Çetin Pireci Marmara Üniversitesi Güzel Sanatlar Fakültesi Seramik Ana Sanat Dalı’ndan mezun olmuştur. 1987 yılında Mimar Sinan Üniversitesi Güzel Sanatlar Entitüsü Seramik-Cam Ana Sanat Dalı’nda Yüksek Lisansını tamamlamıştır. Çetin Pireci, 7 si kişisel olmak üzere yurtiçi ve yurtdışında 80 den fazla sergiye ve bienale katılmıştır ve halen çalışmalarını İstanbul’ daki atölyesinde sürdürmektedir.

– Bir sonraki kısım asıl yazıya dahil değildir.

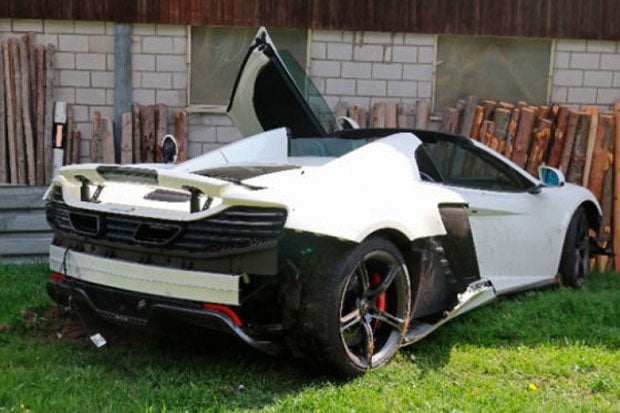 Mit 250.000-Euro-Sportwagen in Bauernhof gerast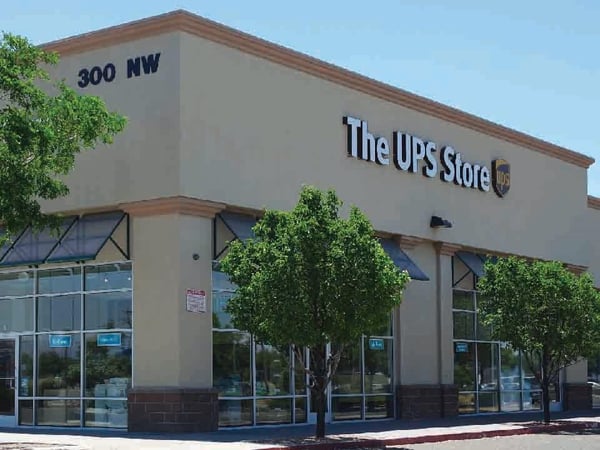 exterior storefront of The UPS Store 6816 in Albuquerque, NM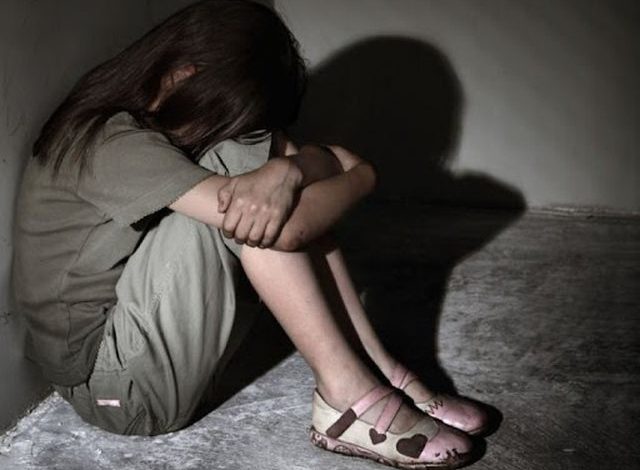 VALË ARRESTIMESH/ Ngacmohet seksualisht një tjetër e mitur, babai dhunon tre vajzat. Çfarë ndodhi në Tiranë 24 orët e fundit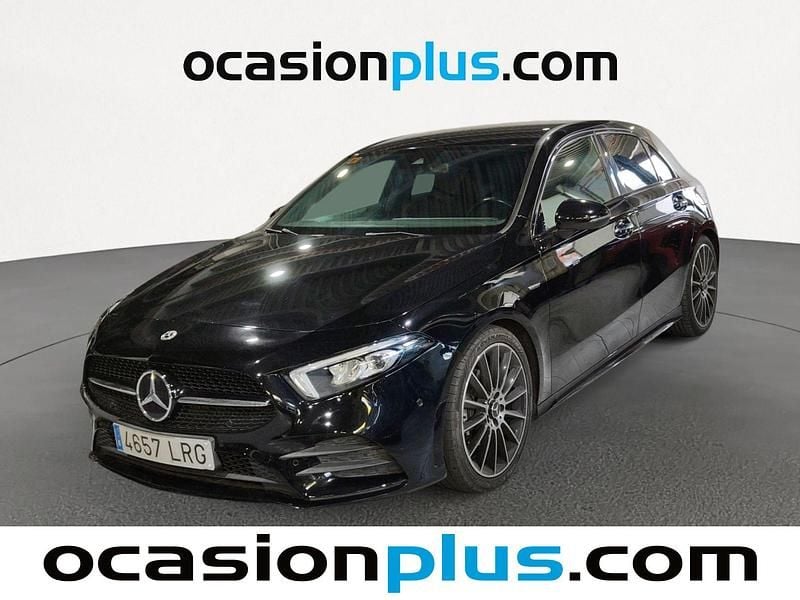 Negro Usado 2021 Mercedes A180 AMG Utilitario | 24.173 € (Buen precio) - Imagen 1/4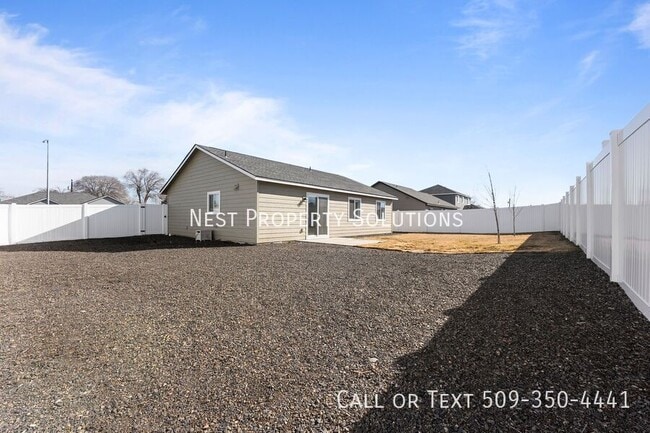 Building Photo - 422 N Washington St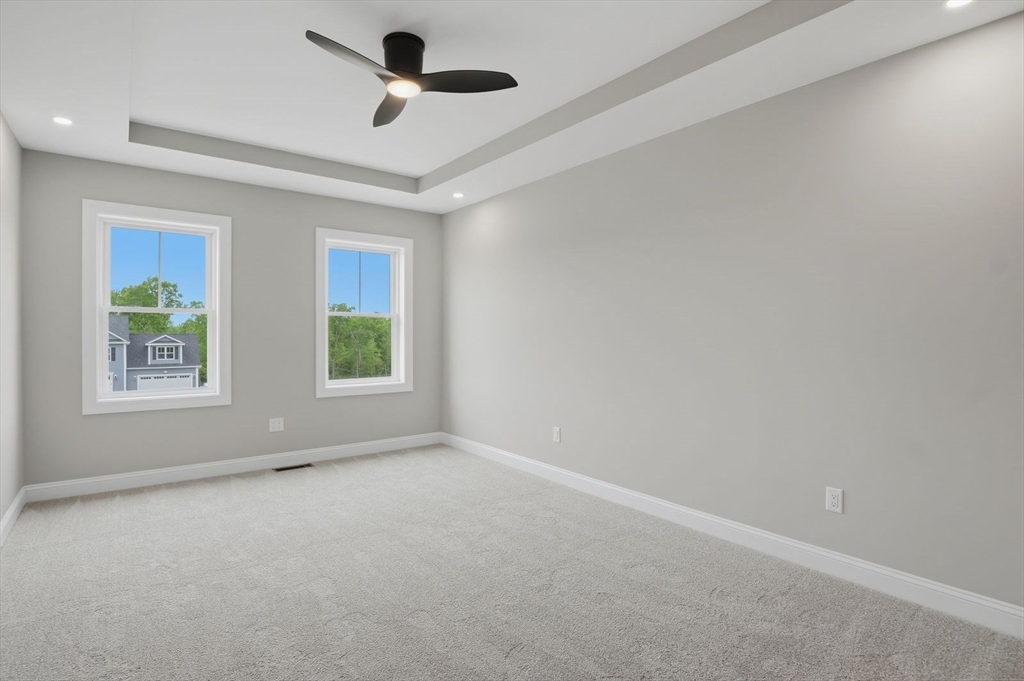 145 Turner Farm Road Uxbridge, MA 01569 - Photo 5 of 9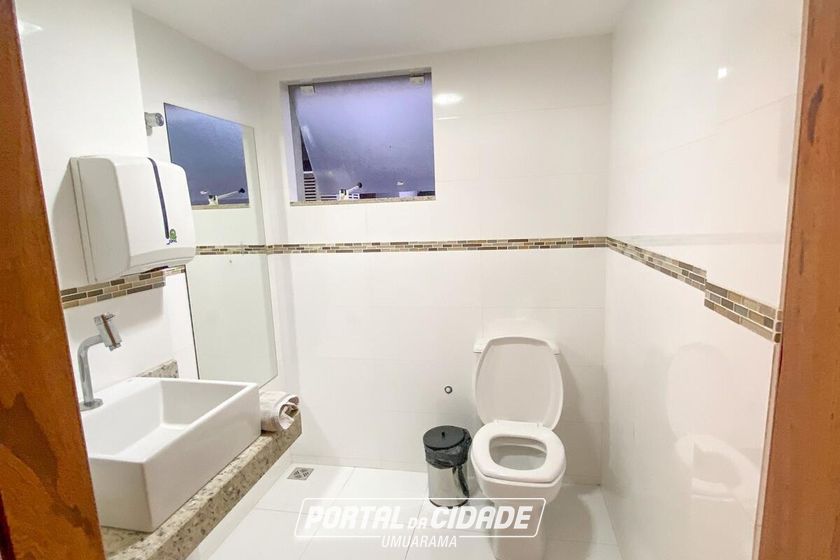 Sala Comercial &agrave; venda - 241m&sup2; - Zona I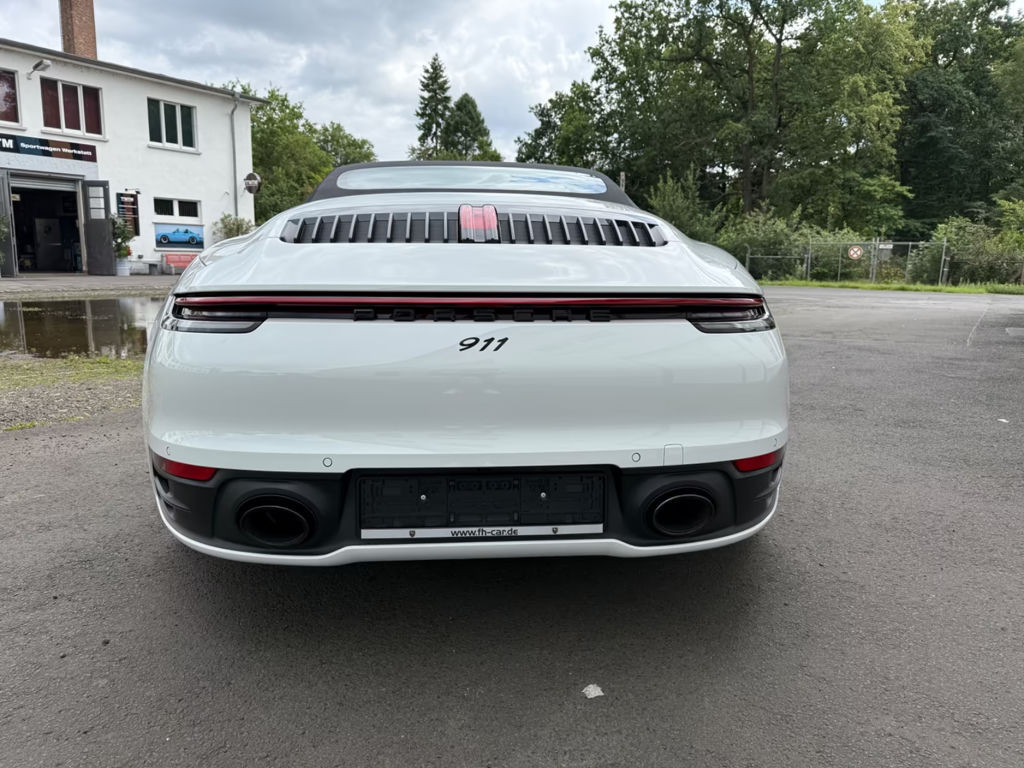 Porsche 992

Dijital imajlar artık her yerde var ve sanatçılar tepki gösteriyorlar. Bazıları kullanıyor fakat ben tamamiyle bilgisayara karşı olarak doğal yollarla ve klasik yöntemlerle eserlerimi üretiyorum. Dijital ve resim arasındaki çizgide farklı bir yorumla resimlerimi yapmaktayım. Eserlerdeki karakterler dijital görüntü karmaşıklığı ile doğal olan arasında bir gerilim yaratıyor. Modernizm ve teknolojinin toplumun kültürünü nasıl değiştirdiği sorunsalına; çağımızın insanlara etkisini gösterip yeniçağda dijitalden uzak kalınamayacağına dikkat çekmek istiyorum. Sanatım el emeğine dayalı olduğundan bunların birlikteliği daha anlamlı diye düşünüyorum ve dijital dünyaya bir başkaldırı niteliğinde eserler ortaya koyuyorum.

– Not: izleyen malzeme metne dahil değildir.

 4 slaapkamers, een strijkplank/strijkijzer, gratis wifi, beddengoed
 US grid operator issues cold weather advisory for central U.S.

Digital images are everywhere and artists react to this. Some may use them, but I create my works using natural techniques and classical methods as opposed to computers. I paint on a line between digital and painting. The characters on the paintings create a tension due to the conflict between the complexities of the digital vision as opposed to the natural. I want to demonstrate the dilemma of how modernism and technology change culture in society and draw attention to the fact that digital is inevitable in the new age. I believe their coexistence is more meaningful because my artworks is hand made – I create anti-digital rebellious artwork.